→ **WHAT YOU NEED TO DO**
I need an exact copy of the lines from the one containing "Scaffold ring displaying peptides" through the end of the records, without any pictures.

(Image-caption web data)

..........

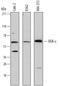 Diacylglycerol Kinase Epsilon antibody, AF7069, R&D Systems, Western Blot image 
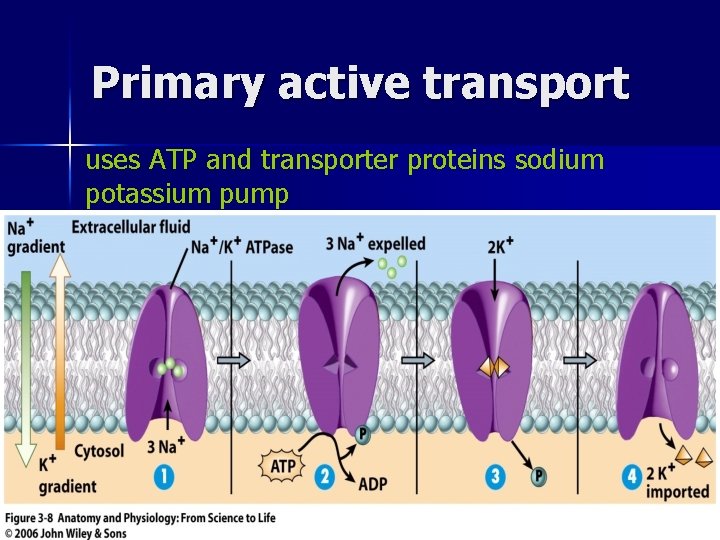 Primary active transport uses ATP and transporter proteins sodium potassium pump ahmad ata 44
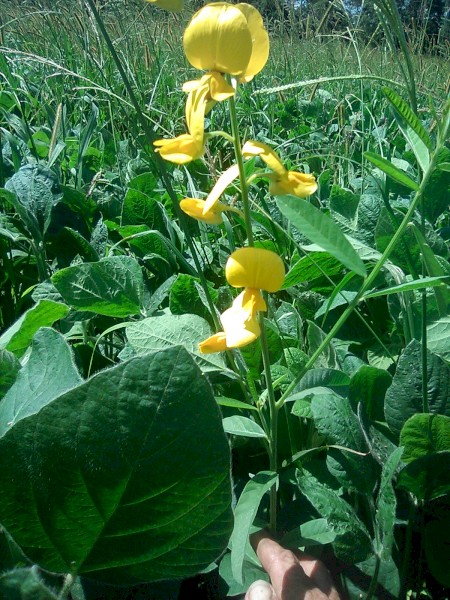 14.7% protein soybean/pasture, chopped and innoculated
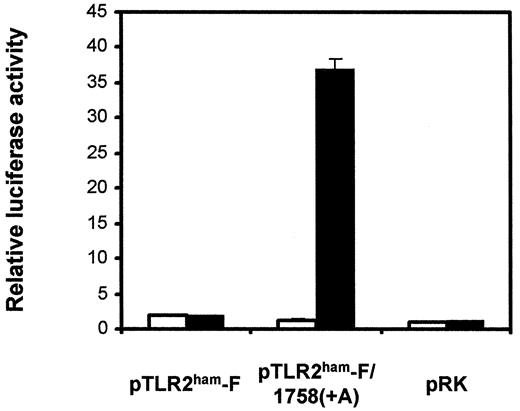 FIGURE 3. “Repair” of hamster TLR2 restores activity as an LPS signal transducer. HEK 293 cells were cotransfected as in Fig. 2 with epitope tagged hamster TLR2 (pTLR2ham-F), a “repaired” version of the cDNA (pTLR2ham-F/1758(+A)), which encodes for a full-length protein, or an empty vector together with pELAM-luc. After allowing 24 h for protein expression to occur, responses to a 6-h incubation in 1 μg of LPS/ml were determined by assessing induced luciferase activity. White bars represent cells that were untreated, and solid bars are cells stimulated with LPS.
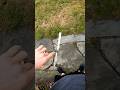 Half decent flip clip #balisong #butterflyknife #tricks #trainer #viral #shorts #shortsfeed #skill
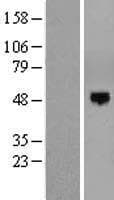 EOGT Protein (Over-Expression Lysate Myc-DDK (Flag))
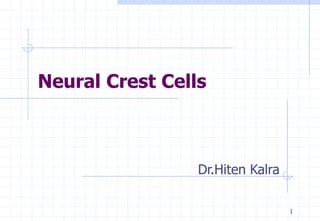 1
Neural Crest Cells
Dr.Hiten Kalra
 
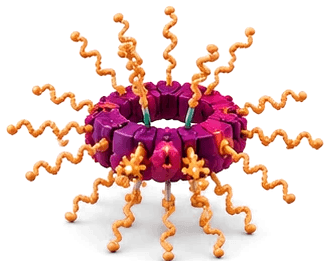 Scaffold ring displaying peptides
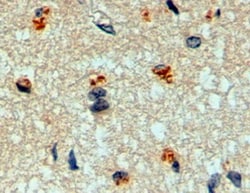 Invitrogen MFNG Polyclonal Antibody 100 &mu;g; Unconjugated:Antibodies,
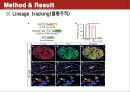 Conversion of adult pancreatic α-cells to β cells after extreme β cell loss 16페이지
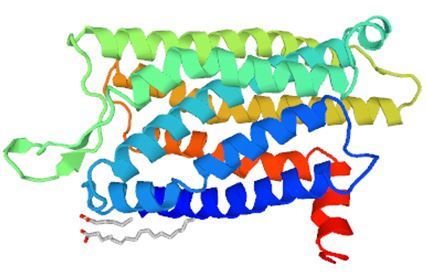 Structure of SSTR4 membrane protein.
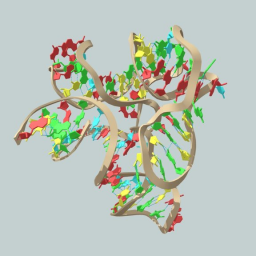Riboswitch mRNA Molecular Structure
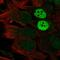 MAGE Family Member C2 antibody, HPA062230, Atlas Antibodies, Immunofluorescence image 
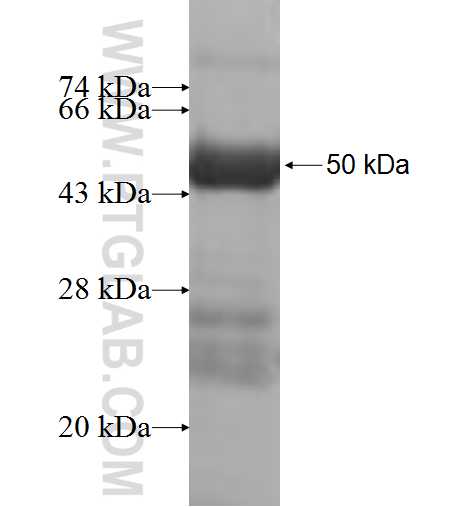 TMLHE fusion protein Ag9919 SDS-PAGE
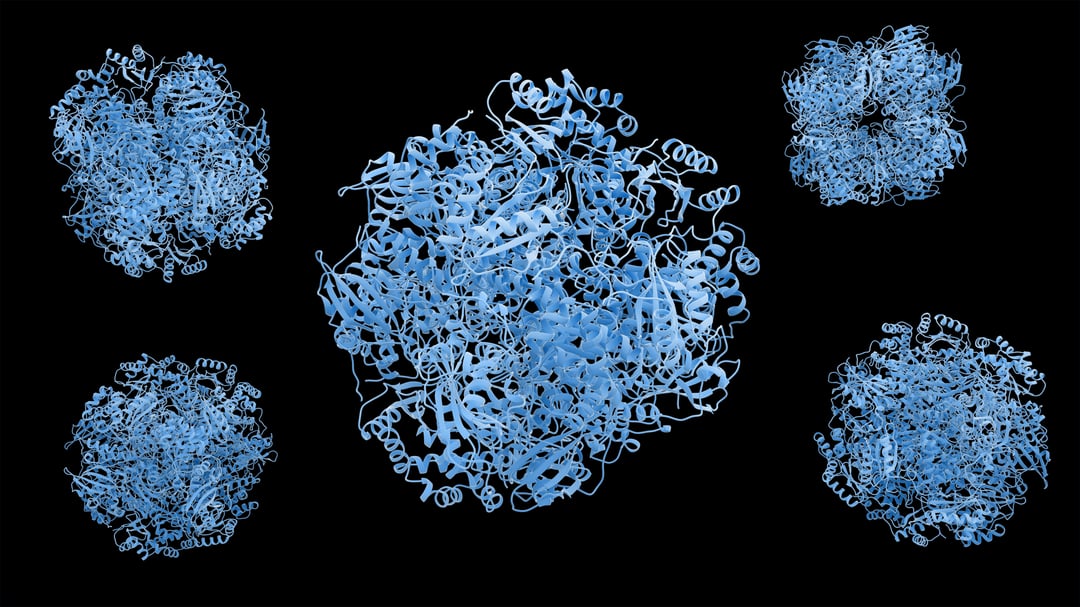 Close up of a tertiary protein structure Close up of a tertiary protein structure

..........

→ **EXERCISE RESPONSE**
 Scaffold ring displaying peptides
 Invitrogen MFNG Polyclonal Antibody 100 &mu;g; Unconjugated:Antibodies,
 Conversion of adult pancreatic α-cells to β cells after extreme β cell loss 16페이지
 Structure of SSTR4 membrane protein.
Riboswitch mRNA Molecular Structure
 MAGE Family Member C2 antibody, HPA062230, Atlas Antibodies, Immunofluorescence image 
 TMLHE fusion protein Ag9919 SDS-PAGE
 Close up of a tertiary protein structure Close up of a tertiary protein structure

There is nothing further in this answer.